= Product intelligence =

System for analyzing product information

Product intelligence is defined as an automated system for gathering and analyzing intelligence about the performance of a product being designed and manufactured, such that this data is automatically fed back to the product managers and engineers designing the product, to assist them in the development of the next iteration or version of that product. The goal of product intelligence is to accelerate the rate of product innovation, thereby making the product and its owners more competitive and increasing customer satisfaction. Product intelligence is often applied to electronic products, but it is not necessarily limited to electronic products.

Key points of this definition:
1. Product intelligence is a separate concept from artificial intelligence.
2. The focus is on the gathering of product performance, quality and test data.
3. There is an automated process for gathering information and converting it into intelligence.
4. The purpose of the exercise is to use the product intelligence to create the next, improved iteration or version of the product.

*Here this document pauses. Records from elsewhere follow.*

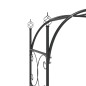 vidaXL Arco de jardín con puerta acero negro 108x45x235 cm vidaXL Arco de jardín con puerta acero negro 108x45x235 cm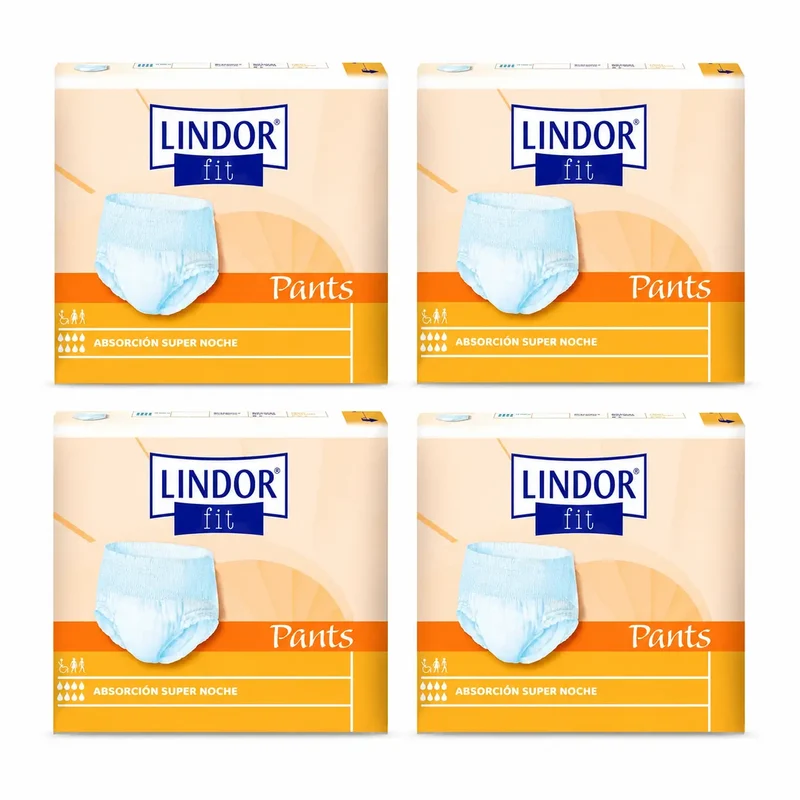 Lindor Fit Pants Day Nappies, Size L, 80 pieces, pack of 4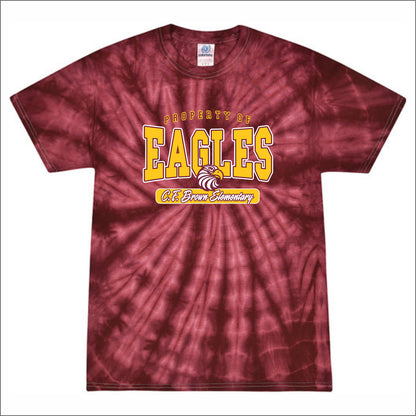 CF Brown Elem Tie-Dye T-shirt - Des. B
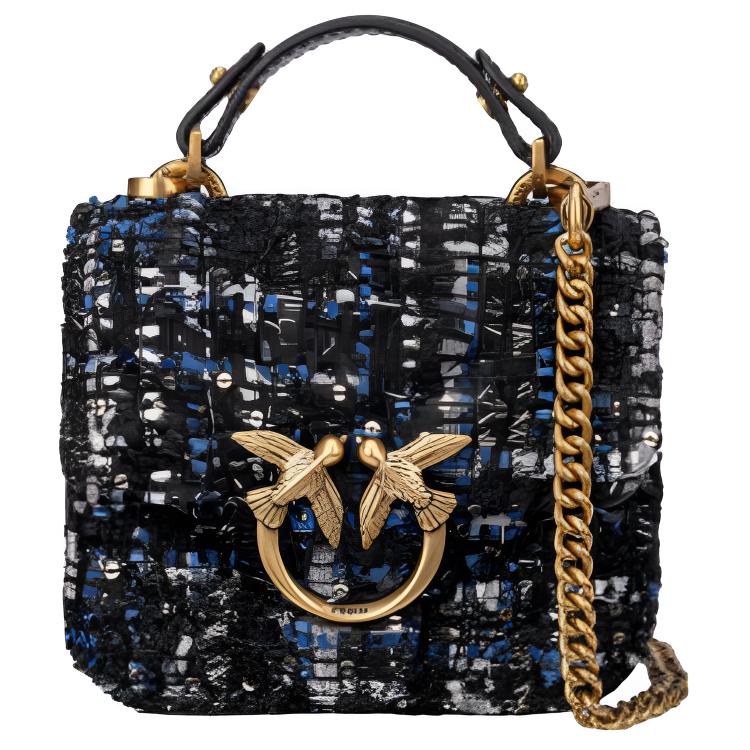 PINKO Твидовая сумка Птичка Сумка Ласточка Плечевая сумка Наплечная сумка Миниатюрная женская сумка Черная
PINKO Твидовая сумка Птичка Сумка Ласточка Плечевая сумка Наплечная сумка Миниатюрная женская сумка Черная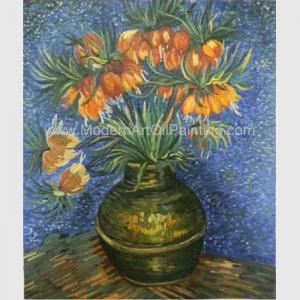 Van Gogh Oil Paint Fritillaries In A Copper Vase Masterpiece Replicas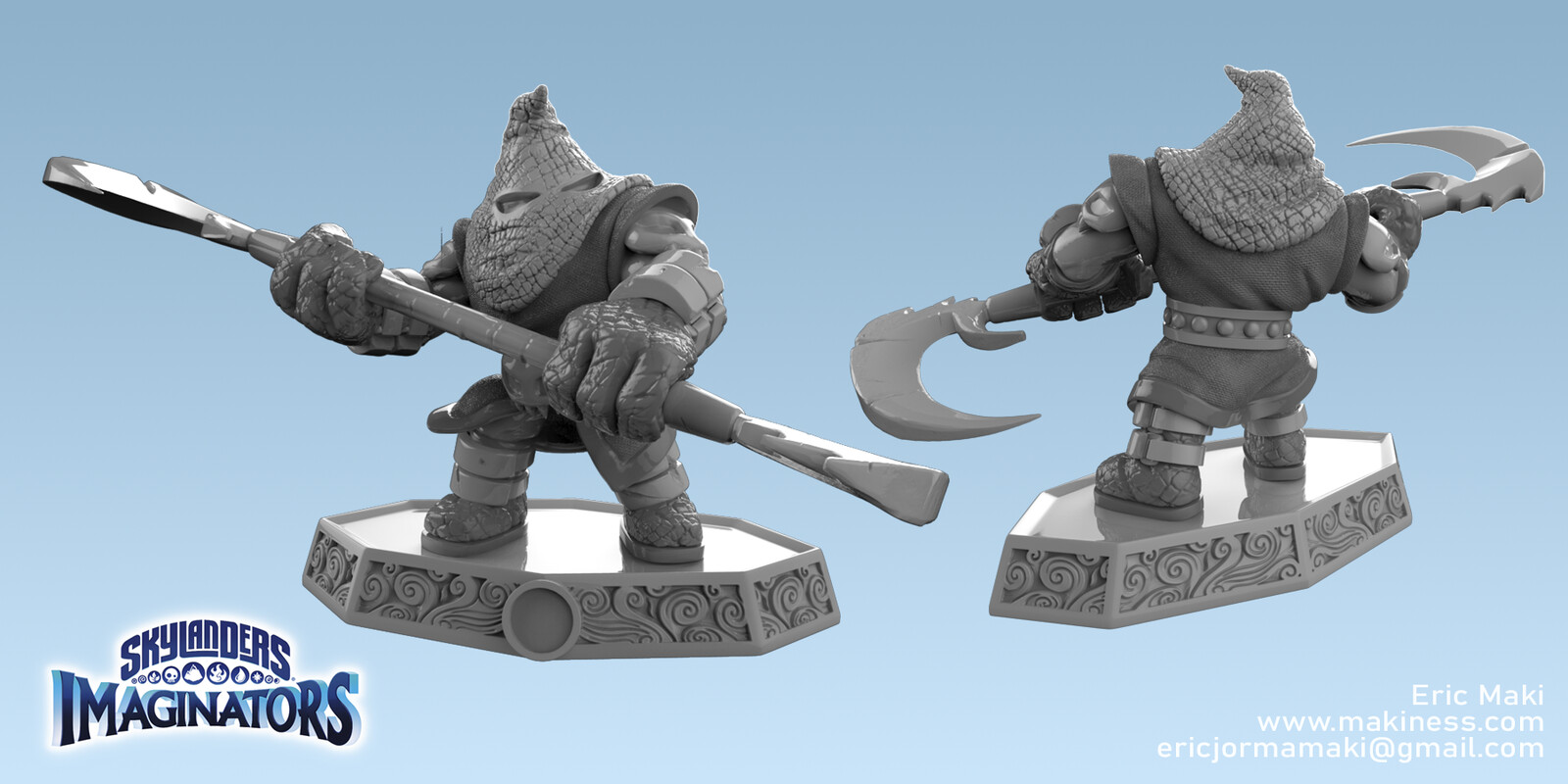 Hood Sickle Toy Sculpt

Product intelligence can also include two additional functions:
1. An automated process for synchronizing all manufacturing locations involved in producing the product, so that production of the new version can begin immediately. This is typically accomplished by pushing product and test specification software to all the test stations in the manufacturing pipeline over a network or web connection. This accelerates the product's time-to-market.
2. The automatic enforcement of quality manufacturing processes to ensure that products are manufactured correctly, according to the precise specifications of the product designers. This ensures quality and consistency across many manufacturing sites.